Collected material »
= = =
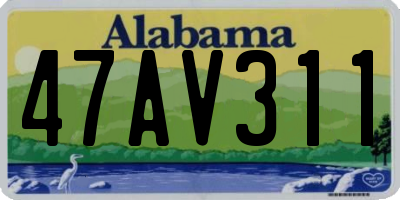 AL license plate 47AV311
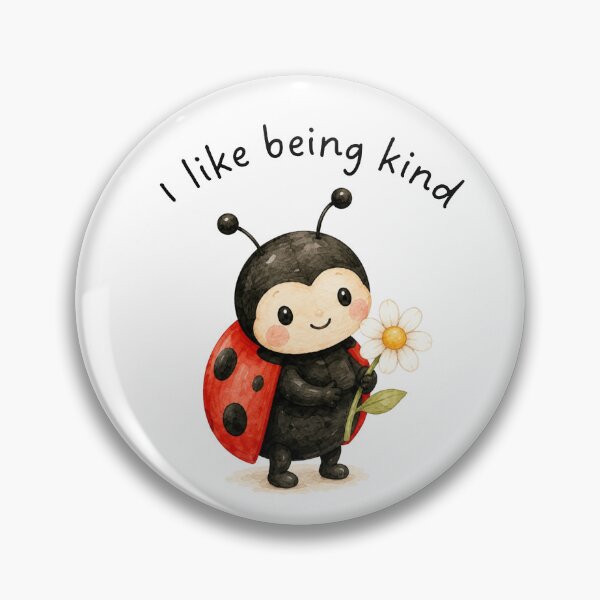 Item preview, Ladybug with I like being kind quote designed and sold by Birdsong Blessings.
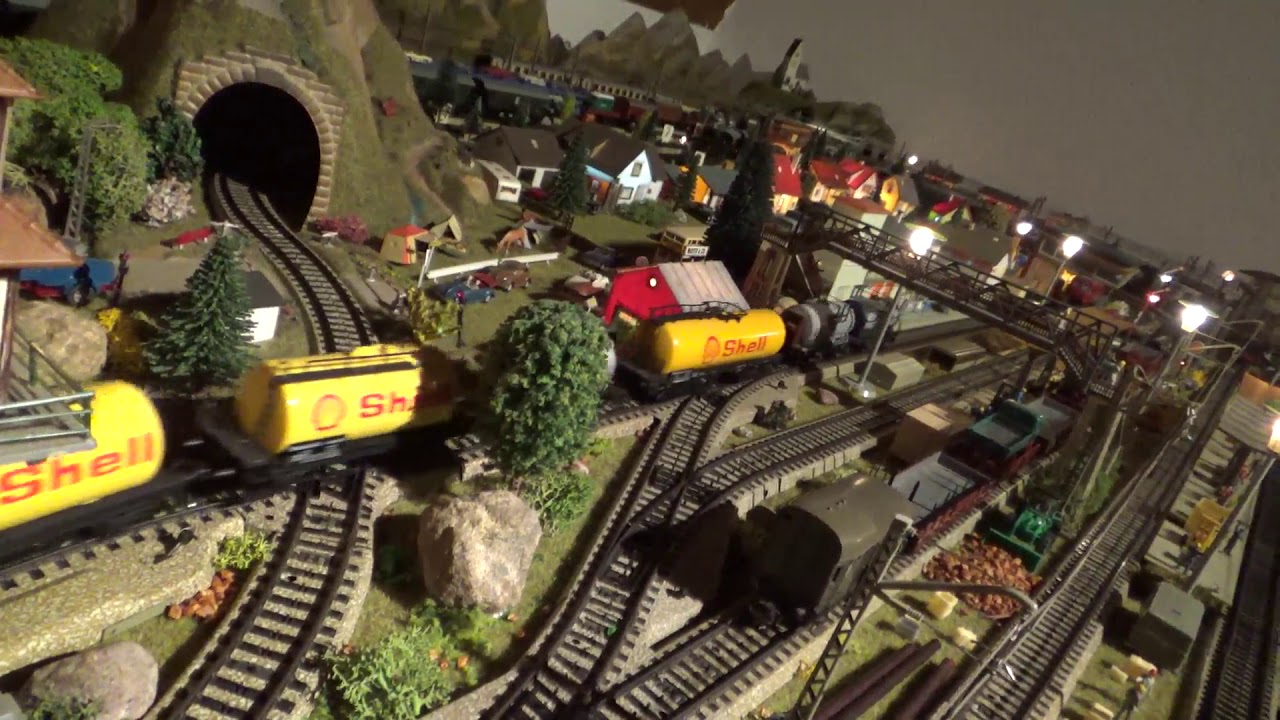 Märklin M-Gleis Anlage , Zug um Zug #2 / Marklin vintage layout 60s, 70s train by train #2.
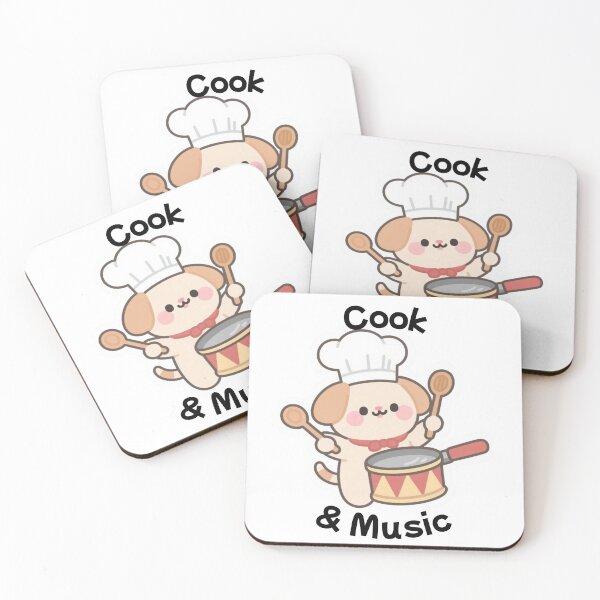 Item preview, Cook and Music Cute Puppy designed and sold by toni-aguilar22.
= = =
Exercise objective » Nothing but the pictures may be dropped as you repeat the listing above exactly.

Answer below »
 AL license plate 47AV311
 Item preview, Ladybug with I like being kind quote designed and sold by Birdsong Blessings.
 Märklin M-Gleis Anlage , Zug um Zug #2 / Marklin vintage layout 60s, 70s train by train #2.
 Item preview, Cook and Music Cute Puppy designed and sold by toni-aguilar22.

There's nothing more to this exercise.